A system of equations consists of two or more equations that share the same set of unknowns. In the given exercise, we have a system of two equations involving variables \(x\) and \(y\): \[\begin{align*}1. & \quad x^2 + y^2 = 13 \2. & \quad x^2 - y^2 = 5 \end{align*}\] The goal is to find the values of \(x\) and \(y\) that satisfy both equations simultaneously. This means we're looking for a pair of numbers which, when plugged into both equations, make both sides of each equation equal. Systems of equations can often pose challenges due to multiple variables. However, using methods like substitution, graphing, or elimination, we can solve them efficiently. In this exercise, we employ the elimination method, sometimes called the addition method, to find the solutions.

The elimination method is a powerful tool for solving systems of equations. It works by removing one variable entirely, allowing us to solve for the other one. This method is sometimes referred to as the addition method because it often involves adding or subtracting equations to cancel out a variable.
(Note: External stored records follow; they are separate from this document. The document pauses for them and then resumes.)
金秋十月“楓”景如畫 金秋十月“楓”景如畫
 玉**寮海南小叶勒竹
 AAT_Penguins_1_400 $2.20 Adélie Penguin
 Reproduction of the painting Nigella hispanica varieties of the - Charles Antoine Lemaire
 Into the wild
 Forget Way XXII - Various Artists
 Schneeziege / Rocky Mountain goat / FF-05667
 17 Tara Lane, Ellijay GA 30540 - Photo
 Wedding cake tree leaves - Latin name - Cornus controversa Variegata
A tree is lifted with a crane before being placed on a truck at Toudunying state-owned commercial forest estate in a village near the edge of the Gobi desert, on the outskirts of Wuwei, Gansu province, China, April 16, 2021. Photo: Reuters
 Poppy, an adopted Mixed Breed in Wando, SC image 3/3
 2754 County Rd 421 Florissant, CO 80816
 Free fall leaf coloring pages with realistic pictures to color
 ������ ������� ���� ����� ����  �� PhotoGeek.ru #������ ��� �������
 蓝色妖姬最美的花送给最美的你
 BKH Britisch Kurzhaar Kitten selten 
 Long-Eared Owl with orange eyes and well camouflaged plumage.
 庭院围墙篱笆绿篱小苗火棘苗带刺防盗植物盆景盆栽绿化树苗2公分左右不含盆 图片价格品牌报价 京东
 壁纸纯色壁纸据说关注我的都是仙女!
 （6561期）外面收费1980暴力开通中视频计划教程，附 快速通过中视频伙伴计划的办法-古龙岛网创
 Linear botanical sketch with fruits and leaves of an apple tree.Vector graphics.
In our exercise, we are tasked with eliminating one of the variables, \(x^2\), by subtracting the second equation from the first: \[\begin{align*}(x^2 + y^2) - (x^2 - y^2) = 13 - 5 \end{align*}\] This step not only removes \(x^2\) but also simplifies the system to a single equation: \[2y^2 = 8\]By clearing away one variable, the elimination method turns a complex problem into a simpler one-variable equation that can be solved with ease.

Solving quadratic equations is a key skill when tackling systems of equations like the one we have. In this case, after elimination, we're left with the quadratic equation \(2y^2 = 8\). To solve for \(y\): 1. **Simplify the equation** by dividing both sides by 2: \[y^2 = 4\]2. **Take the square root** of both sides to find values for \(y\): \[y = \pm 2\] The square root introduces \(\pm\) because both 2 and -2 satisfy the equation \((\pm 2)^2 = 4\). Next, we substitute these values one at a time back into either of the original equations to find corresponding \(x\) values. For example, using \(y = 2\) in the second equation: \[x^2 - 4 = 5 \rightarrow x^2 = 9\] Then, taking the square root of both sides gives \(x = \pm 3\). The same process is repeated for \(y = -2\), leading to the same \(x\) values. Thus, the complete set of solutions for the system includes the pairs \((3, 2), (-3, 2), (3, -2), (-3, -2)\). Quadratic equations often arise in systems with non-linear components, making the ability to solve them crucial.